[[ DATA FOR THE TASK open ]]
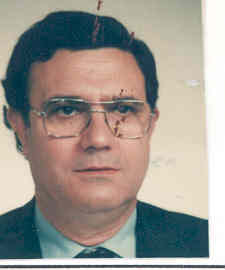 Julen Guimón Ugartechea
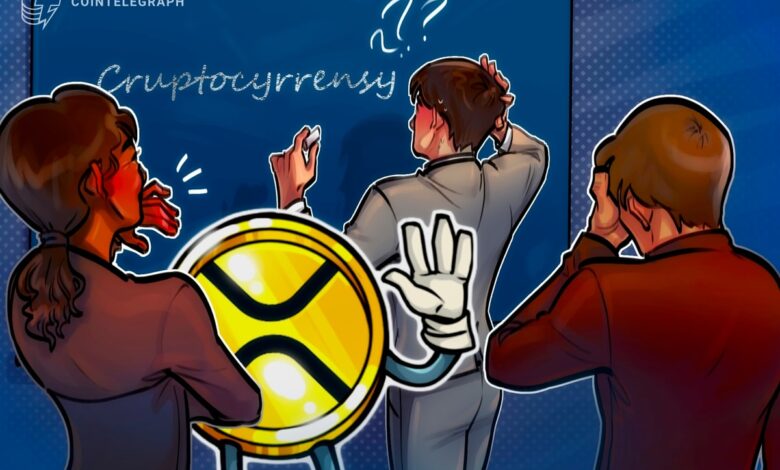 Ripple commits M US school nonprofits Ripple commits M US school nonprofits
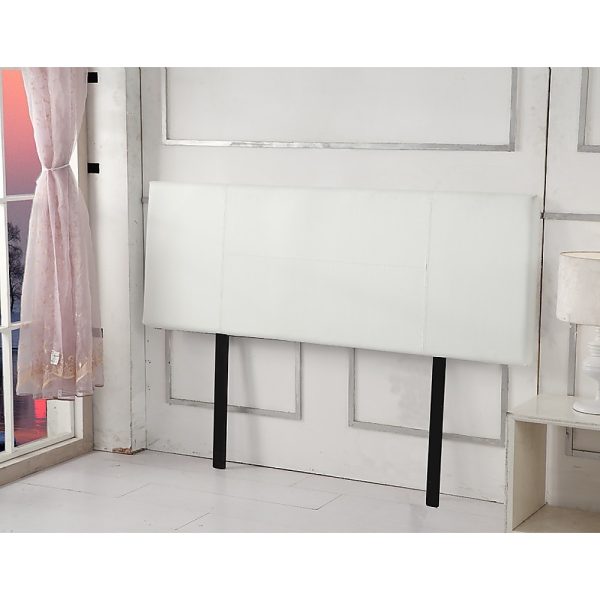 PU Leather Headboard Bedhead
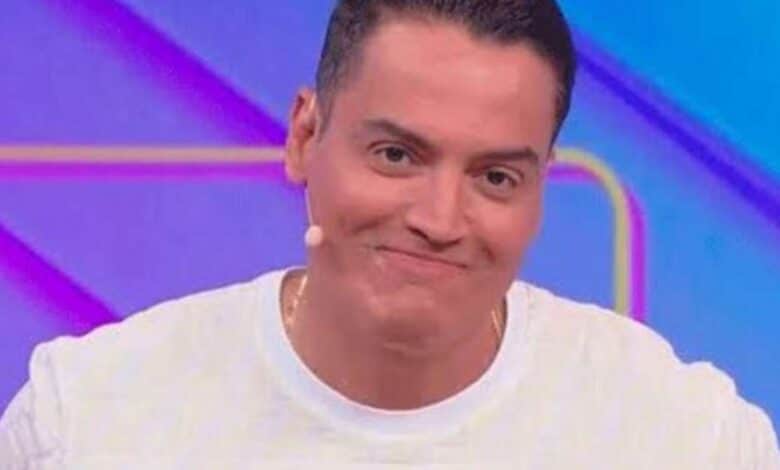 SBT emite nota oficial e confirma afastamento de Leo Dias
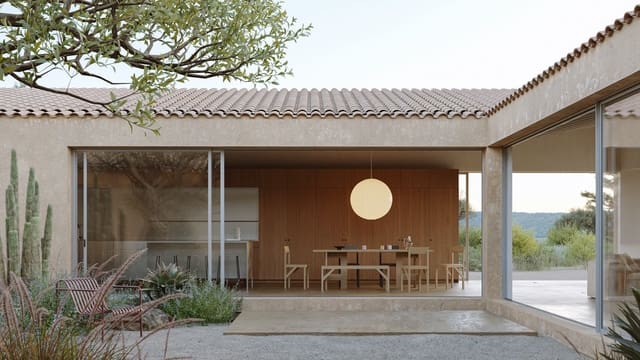 Solar/Parcela en Campos en venta - 650.000 € (Ref: 9469836)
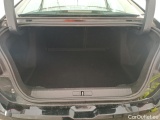  Citroen  C4  X Feel Pack 1.2 PureTech 130CV BVA8 6E #10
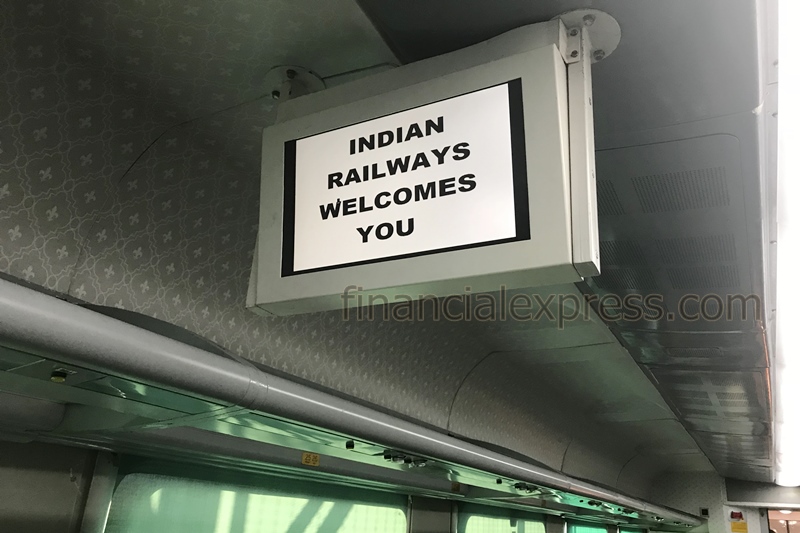 anubhuti6.jpg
[[ DATA FOR THE TASK closed ]]
**TASK DETAILS:** The answer must be an exact copy of the lines above, from the start of the records through the line with "Solar/Parcela en Campos", and of nothing else; no pictures belong in it.

**TASK RESULT:**
 Julen Guimón Ugartechea
 Ripple commits M US school nonprofits Ripple commits M US school nonprofits
 PU Leather Headboard Bedhead
 SBT emite nota oficial e confirma afastamento de Leo Dias
 Solar/Parcela en Campos en venta - 650.000 € (Ref: 9469836)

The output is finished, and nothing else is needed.